Something that isn’t always appreciated is the little differences between Chinese culture and mainstream Western culture.
Of course the big things are obvious, such as the fact that a typical Chinese meal involves many dishes all served at once and shared out, rather than just a few; but the small points are often missed.
Chinese architecture abounds with examples. For instance, were you aware that often a Chinese skyscraper will have holes in it? This isn’t an oversight in the design or bad workmanship! This is all part of the plan as it allows the dragons to fly from the mountains to the water. It might sound like a peculiar superstition, but it’s an important part of Feng Shui. In fact even major, international corporations will take this into consideration. A great many large businesses have Feng Shui consultations to ensure not only that a building looks good and is aesthetically pleasing, but that business conducted on the premises will go well too.

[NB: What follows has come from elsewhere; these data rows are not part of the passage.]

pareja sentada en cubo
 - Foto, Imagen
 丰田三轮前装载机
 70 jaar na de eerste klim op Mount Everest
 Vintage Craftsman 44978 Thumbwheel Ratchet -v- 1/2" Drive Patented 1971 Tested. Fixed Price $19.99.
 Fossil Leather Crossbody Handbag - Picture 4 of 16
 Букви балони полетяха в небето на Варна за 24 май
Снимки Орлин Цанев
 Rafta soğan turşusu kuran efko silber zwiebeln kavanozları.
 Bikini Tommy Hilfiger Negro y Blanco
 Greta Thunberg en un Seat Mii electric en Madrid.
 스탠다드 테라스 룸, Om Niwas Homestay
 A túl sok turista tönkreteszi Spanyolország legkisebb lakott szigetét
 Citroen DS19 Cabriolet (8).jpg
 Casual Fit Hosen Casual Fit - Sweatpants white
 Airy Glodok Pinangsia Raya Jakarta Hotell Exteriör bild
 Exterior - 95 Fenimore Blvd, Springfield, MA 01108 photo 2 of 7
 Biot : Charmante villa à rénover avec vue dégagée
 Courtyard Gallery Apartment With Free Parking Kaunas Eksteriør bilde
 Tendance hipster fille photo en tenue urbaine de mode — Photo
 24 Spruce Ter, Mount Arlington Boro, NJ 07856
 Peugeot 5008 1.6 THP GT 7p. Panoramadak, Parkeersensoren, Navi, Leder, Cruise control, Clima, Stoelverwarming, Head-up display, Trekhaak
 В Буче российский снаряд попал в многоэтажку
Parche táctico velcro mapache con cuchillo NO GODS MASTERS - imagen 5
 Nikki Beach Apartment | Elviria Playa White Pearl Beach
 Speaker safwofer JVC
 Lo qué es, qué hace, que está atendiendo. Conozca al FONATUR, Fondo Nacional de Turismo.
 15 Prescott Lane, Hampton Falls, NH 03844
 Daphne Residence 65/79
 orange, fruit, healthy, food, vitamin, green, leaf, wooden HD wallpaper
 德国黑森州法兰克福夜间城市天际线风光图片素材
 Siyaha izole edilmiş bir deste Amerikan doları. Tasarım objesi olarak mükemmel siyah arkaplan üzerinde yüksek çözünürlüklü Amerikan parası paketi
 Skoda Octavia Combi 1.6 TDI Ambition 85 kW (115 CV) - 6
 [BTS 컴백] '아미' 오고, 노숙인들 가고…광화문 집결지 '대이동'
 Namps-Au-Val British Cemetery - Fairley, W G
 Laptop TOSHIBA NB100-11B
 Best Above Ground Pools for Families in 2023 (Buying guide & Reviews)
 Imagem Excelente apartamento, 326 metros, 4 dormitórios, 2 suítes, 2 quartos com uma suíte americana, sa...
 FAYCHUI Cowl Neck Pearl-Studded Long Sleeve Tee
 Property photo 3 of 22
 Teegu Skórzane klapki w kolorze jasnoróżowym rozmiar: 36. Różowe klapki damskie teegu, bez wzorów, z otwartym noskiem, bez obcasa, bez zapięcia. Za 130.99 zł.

Everyone has heard of Feng Shui, but you might not realise that it translates as “wind and water”. This is because the essence of this traditional philosophy revolves around chi, which is fundamental spiritual energy. Feng Shui touches so many aspects of life and culture in China and respecting and working with spiritual forces is often deemed a necessary component for living a happy and healthy life.
To put this into context and make it a little less abstract and more concrete, let’s look at how it plays into the design of a typical Chinese home. One considerable difference is the size of an ordinary abode in China. Often a living space will be smaller than in the West, particularly compared to houses in America, the land in which more is nearly always considered more. As the saying goes though, size isn’t everything and in fact the order and thought that goes into a Chinese home often outweighs what might be perceived as the disadvantage of its diminutive proportions.
In the bedroom for instance, there are a few aspects to look out for. Good Feng Shui requires a headboard, but not necessarily a footboard for the bed. The bed itself doesn’t need to be large, so a small double mattress can often be found. Not only does it save space but it might very well facilitate better energy flow too. It’s also a priority to try and avoid under-bed storage. For all that this can be a fantastic space-saver it creates an obstruction for energy flow, so ideally the bed will be raised off the ground and free of clutter.
Another interesting point is the importance of colour in a Chinese house. Every colour means something different, but in a bedroom the key is a balanced colour scheme. Interestingly, those colours that can be thought of as skin colours are generally considered the best. This includes the full spectrum- white and really pale shades to very rich, darker browns.